Towards the end of the episode the narrative takes a turn that I don’t completely agree with. Dev gets drunk and starts talking to the commercial director, Brad, about the roll of women and the end result is that Dev loses his spot in the commercial because they reworked it to feature the women. When Rachel expresses to Dev that Brad introduced himself to all the men in the group but not the women, Dev’s instinct is to shrug off the instance because who cares about the opinion of one asshole? He fails to see that by doing so, he is shrugging off the experiences of all women when they are made to feel less than on the basis of their gender. This is something that gets left relatively unresolved and it frustrates me. They could have done a much better job at pointing out that excusing individual actions holds up the flawed system. It’s hard for me not to wonder about the real life parallels, as this episode came out in 2015 and in early 2018 Ansari was accused of being too forceful with women he dated.

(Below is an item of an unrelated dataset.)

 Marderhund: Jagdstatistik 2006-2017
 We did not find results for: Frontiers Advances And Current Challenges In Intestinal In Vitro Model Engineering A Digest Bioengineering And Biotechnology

I have to wonder if he made this episode because he believes that women should feel safe, but it fell short because he was not taking responsibility for his own actions and how he perpetuates a sexist society that makes women feel unsafe.

Overall, I still give this episode 3.7 out of 5 stars because it addresses many issues directly, for instance when Dev and Denise make a “citizen’s arrest” of a man who was masturbating on the subway, a occurrence that’s common as Denise points out “that’s the third time this year I’ve seen that.” When they speak up everyone on the train mentions that they saw it but all of them were clearly too afraid to say anything, and all it took was a show of solidarity for everyone to band together and call out the offender. The conversation that Dev has with the subway masturbator ties together how I feel about this show, sexism, and racism. The offender says it’s just what he likes, and how would Dev feel if the sexual acts he liked were taboo? Dev says “the sexual acts I like don’t traumatize other people.” To which the offender responds “Well if they did, I bet you’d have some internal conflict.” And Dev replies “Stop trying to make me weirdly sympathize with you .”

When we open up the broader conversations about sexism and racism, we will find that the people behind the hate are fully formed humans, with desires and needs of their own. They have their own struggles and internal conflicts. However, those do not justify actions that hurt other people whether it’s masturbating on the subway or degrading people with different skin colors.